According to a press release from the CDC, this is the final extension of the moratorium.
“The COVID-19 epidemic has posed a historic threat to public health in the United States. Preventing evictions is a vital step in helping to reduce the spread of COVID-19 by keeping people in their homes and out of crowded or communal situations like homeless shelters “According to the press release.
The White House also announced that the federally supported mortgage foreclosure moratorium would be extended for one more month, until July 31.
After numerous prominent progressive Democrats on Capitol Hill encouraged the White House and the CDC to prolong and expand the federal eviction moratorium, the extensions were granted. 44 House Democrats, including Reps. Ayanna Pressley, D-Massachusetts, Cori Bush, D-Mo., Jimmy Gomez, D-Calif., and Alexandria Ocasio-Cortez, D-New York, sent a letter late Monday urging President Joe Biden and the CDC to act before the deadline.

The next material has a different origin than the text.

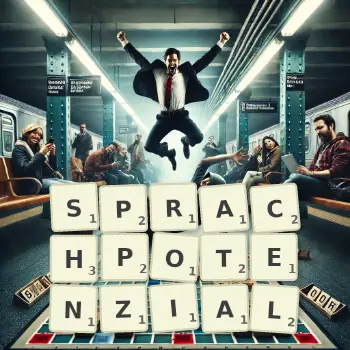 Kreative Illustration für ein Scrabble-Spiel, bei dem das Wort SPRACHPOTENZIAL mit Steinen auf dem Brett gelegt wurde.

“Allowing the moratorium to expire before vaccination rates in vulnerable populations rise could result in higher COVID-19 dissemination and mortality,” they said.

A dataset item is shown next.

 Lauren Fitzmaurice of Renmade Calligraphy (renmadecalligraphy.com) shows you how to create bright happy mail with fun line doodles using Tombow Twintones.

The National Low Income Housing Coalition, a non-profit dedicated to affordable housing, praised the decision and what it called the administration’s “whole-of-government approach.”
“These steps by the White House provide a vital lifeline to millions of tenants who are behind on their rent and face eviction after the moratorium expires,” the organization stated in a statement.
In addition to extending the moratoriums, the White House announced that it will hold a summit of local teams to develop eviction-prevention action plans, that Treasury will issue new guidance for the Emergency Rental Assistance or ERA, that the Department of Justice will send guidance on anti-eviction diversion practices, and that the White House will raise awareness across agencies about emergency rental assistance, a program that helps low-income people avoid eviction.
“One of the things we recognized in getting out the funding in a post-moratorium world is that there must be anti-eviction diversionary policies in place at state and local levels, policies that discourage or rush to evictions and encourage mediations to encourage people to use the $46 billion in emergency rental assistance,” a White House official said.
According to the Census Bureau, approximately 7 million American households, including nearly 4 million with children, are late on their rent. According to the Census Bureau, black and Latino households are more likely than white households to be behind and currently struggling.
Renters must earn no more than $99,000 in annual income for the calendar year 2020-2021, or $198,000 for couples filing jointly, among other statements of hardship to the government, to be eligible for the protection.
Local governments and landlord associations have frequently challenged the ban in court, claiming that the CDC overstepped its powers and lacked a mechanism for enforcing the regulation. Still, more than 20 state attorneys general urged the Supreme Court earlier this month to keep the moratorium in place while those cases make their way through the courts. Local property owners and a group of real estate agents in Alabama have said the halt will “prolong the severe financial burdens” on those collecting rent payments.
The renewal of the eviction moratorium is “the correct thing to do – morally, fiscally, politically, and as an ongoing public health measure,” according to Diane Yentel, head of the National Low Income Housing Coalition.
Landlords, on the other hand, who had opposed the moratorium and had challenged it in court, were opposed to any extension. They say that the focus should be on increasing the speed with which rental assistance is distributed.